◆ **Required work**: For this task, extract exactly the lines of the data below, from the line containing "MEN'S CASHMERE V-NECK - NAVY" through the last one, with pictures left out.
(Material for this task begins)
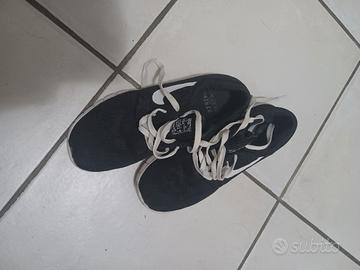 scarpe nere Nike SB Stefan Janoski 
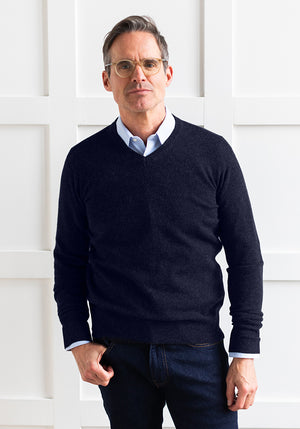 MEN'S CASHMERE V-NECK - NAVY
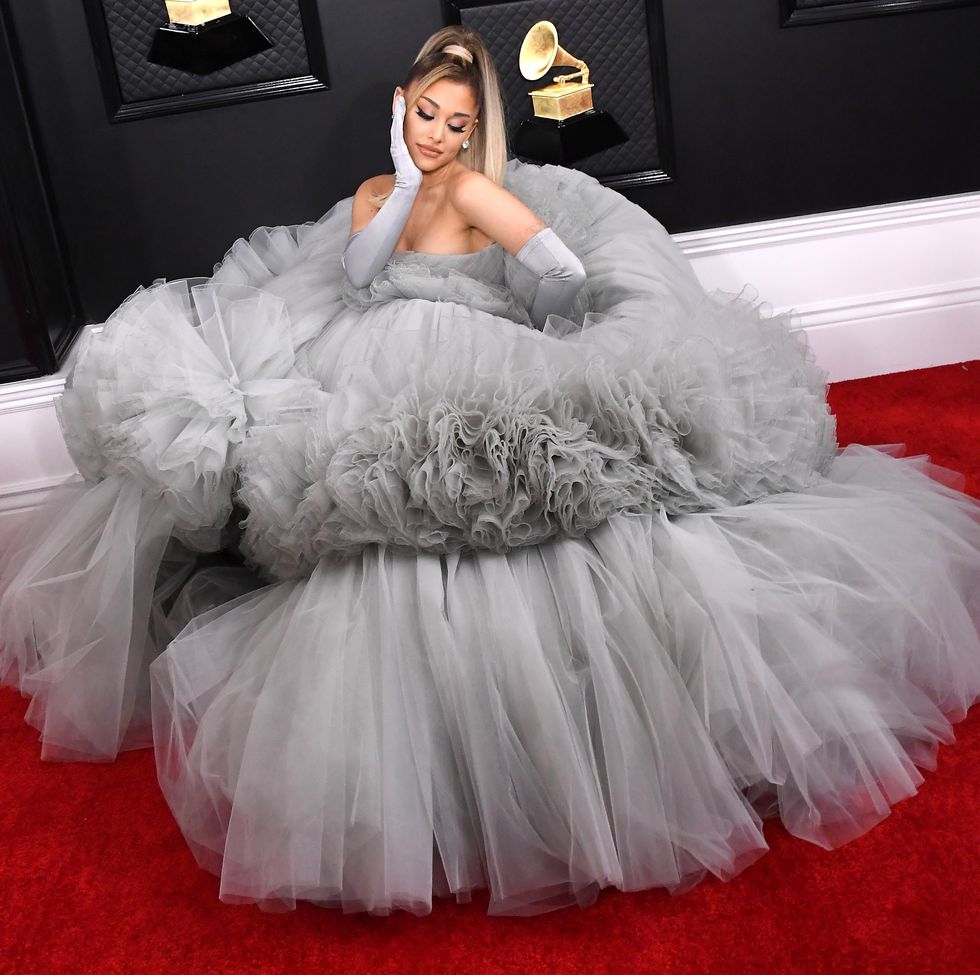 Ariana Grande Tampil Memukau Seperti Cinderella di Grammy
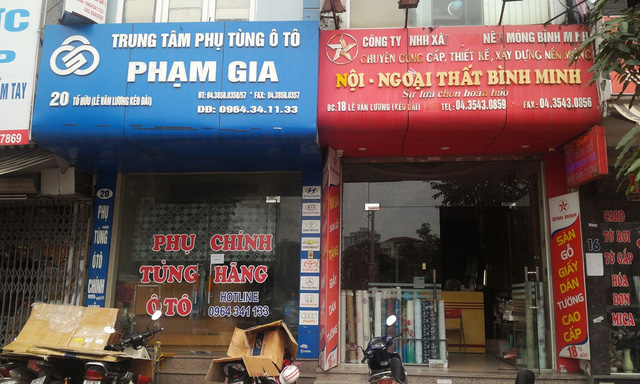 Mệt mỏi vì nhà hai số, phố hai tên - 1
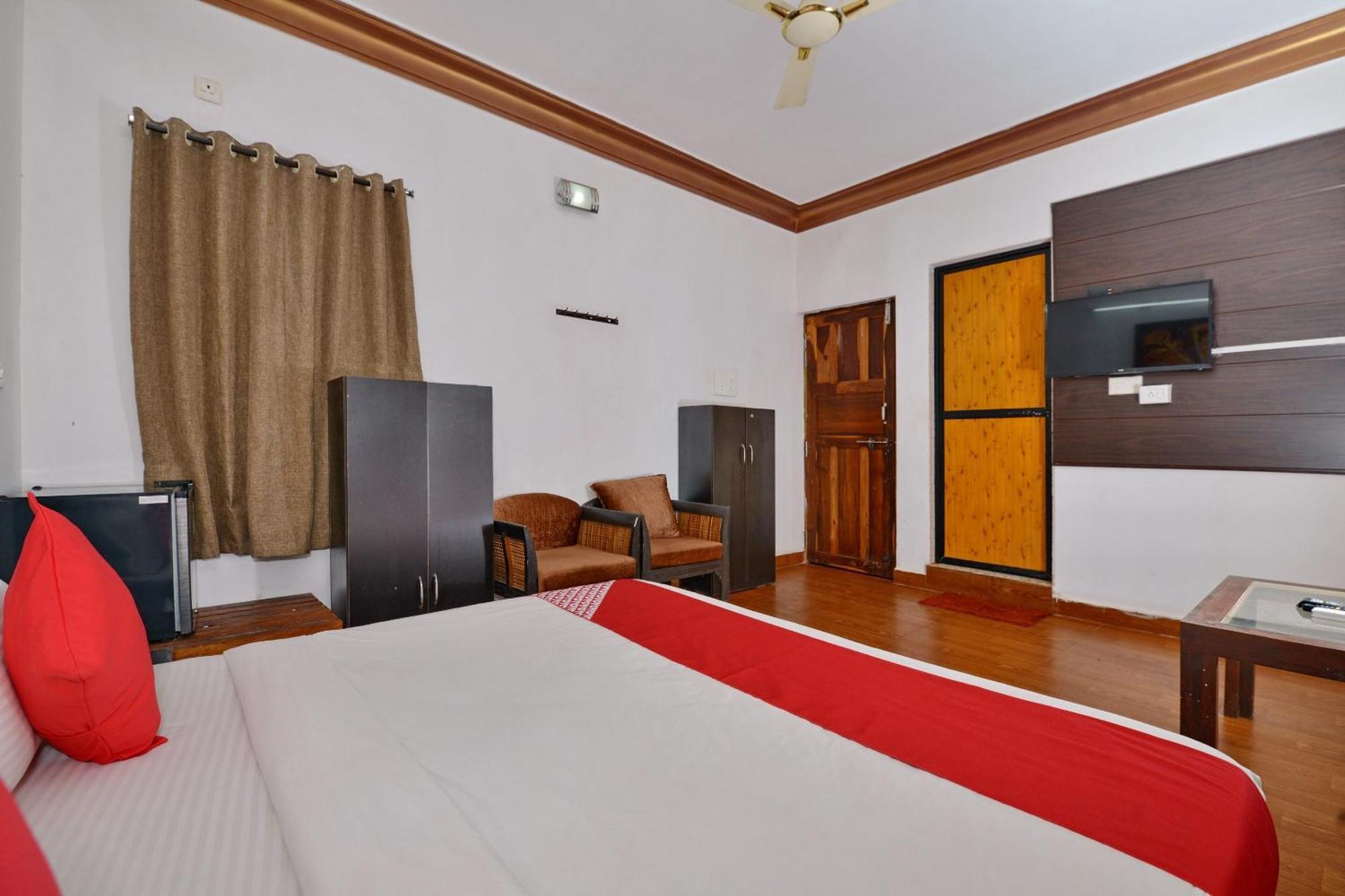 Collection O Retreat Morjim Resort Exterior photo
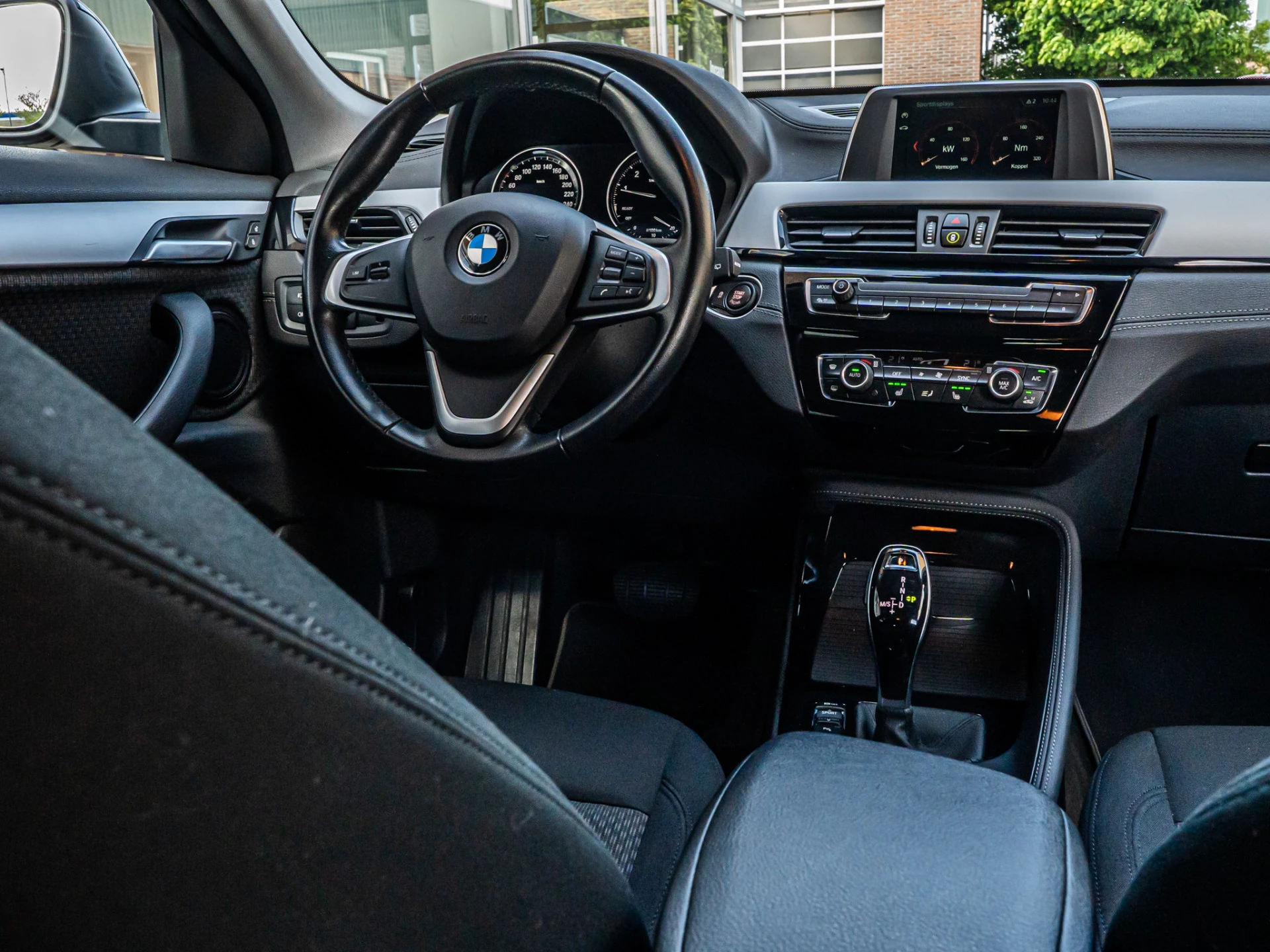 Hoofdafbeelding BMW X2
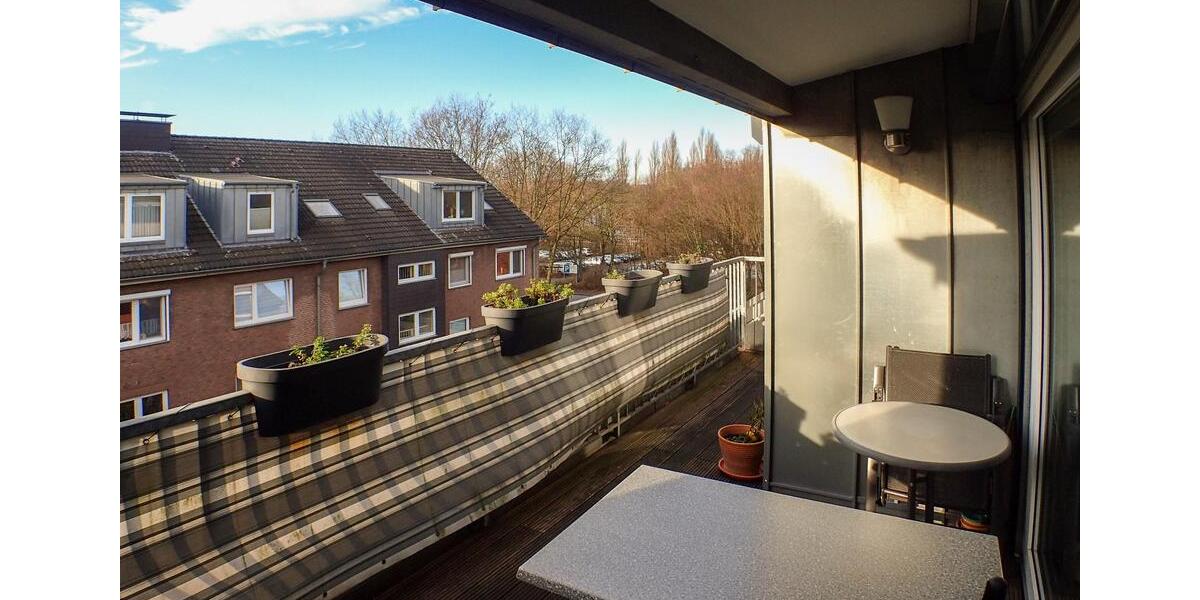 Sonnige 3,5-Zimmer-Dachgeschosswohnung mit Dachterrasse, 105 m² 3.5 zimmer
(Material for this task ends)
◆ **Answer for this exercise**:
 MEN'S CASHMERE V-NECK - NAVY
 Ariana Grande Tampil Memukau Seperti Cinderella di Grammy
 Mệt mỏi vì nhà hai số, phố hai tên - 1
 Collection O Retreat Morjim Resort Exterior photo
 Hoofdafbeelding BMW X2
 Sonnige 3,5-Zimmer-Dachgeschosswohnung mit Dachterrasse, 105 m² 3.5 zimmer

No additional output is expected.